My heart still aches every time I think about leaving family and friends again. A knot still forms in my stomach as we talk about another transition. When these feelings come, I am comforted by those who have felt a similar call. Missionary to Burma, Ann Judson wrote often of her inward struggle in leaving all she knew to pursue a call to Burma with husband, Adoniram Judson. She wrote,

“It seems as if there was no resting place for me on earth. O when will my wanderings terminate? When shall I find some little spot, that I can call my home while in this world? Yet, I rejoice in all Thy dealings, O my heavenly Father; for Thou dost support me under every trial, and enable me to lean on thee…” 
— Ann Judson: A Missionary Life for Burma, Sharon James, pg. 68

In the New Testament, Paul writes of God now dwelling in the hearts of believers in Christ. The dwelling place of God is now in human hearts through faith in Christ. He has become our home. I am rooted and grounded in love.

“For this reason I bow my knees before the Father, from whom every family in heaven and on earth is named, that according to the riches of his glory he may grant you to be strengthened with power through his Spirit in your inner being, so that Christ may dwell in your hearts through faith—that you, being rooted and grounded in love, may have strength to comprehend with all the saints what is the breadth and length and height and depth, and to know the love of Christ that surpasses knowledge, that you may be filled with all the fullness of God.”
— Ephesians 3:14-19


When the enemy tempts me to despair in the midst of so many moves, I look to my Savior, the One who chose me, rescued me from sin, and gave me a purpose on this Earth.
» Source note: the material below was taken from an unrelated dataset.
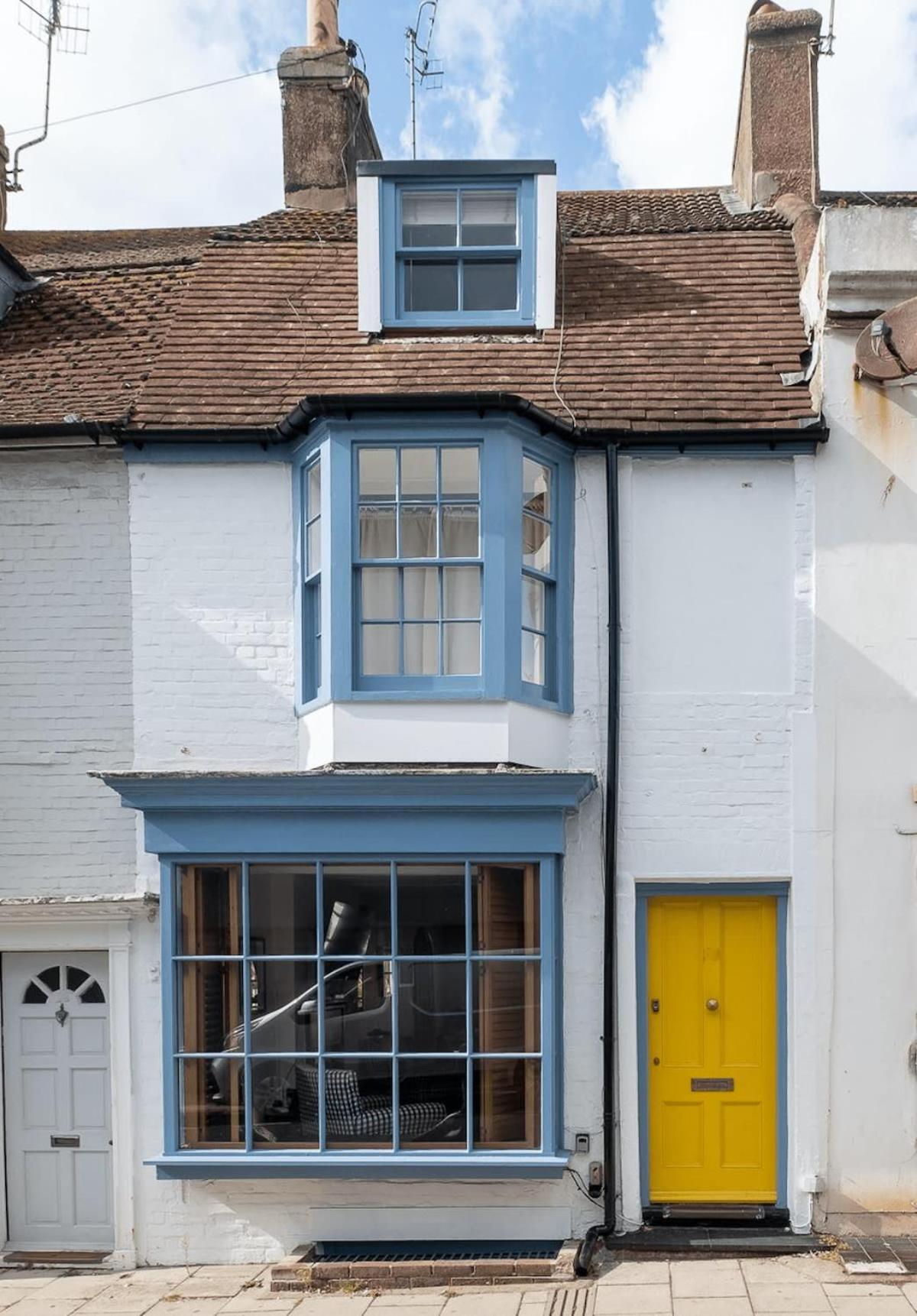 Host & Stay - George Street Townhouse Μπράιτον Εξωτερικό φωτογραφία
God is the one who gives us the desires of our hearts and he has given us a passion for the calling and work he has prepared for us to do. It is in surrender to God’s will, that the morning of joy dawns and a peaceful contentment arises. Being firmly planted into union with Christ, I am “at home in my God”, and can confidently wander this Earth to serve the One who did not have a home. 

And Jesus said to him, “Foxes have holes, and birds of the air have nests, but the Son of Man has nowhere to lay his head.”
— Luke 9:58

As we settle into our new temporary home, with the fresh smell of the woods behind our house, pine needles and little acorns to be swept off the patio, we are grateful. The Lord has been kind to give us a place to welcome friend and stranger, to know and be known, to love and be loved. We continue to daydream of a home and a church and of many people coming to know Jesus. And our greatest dream is that all who enter here become rooted and grounded in Love.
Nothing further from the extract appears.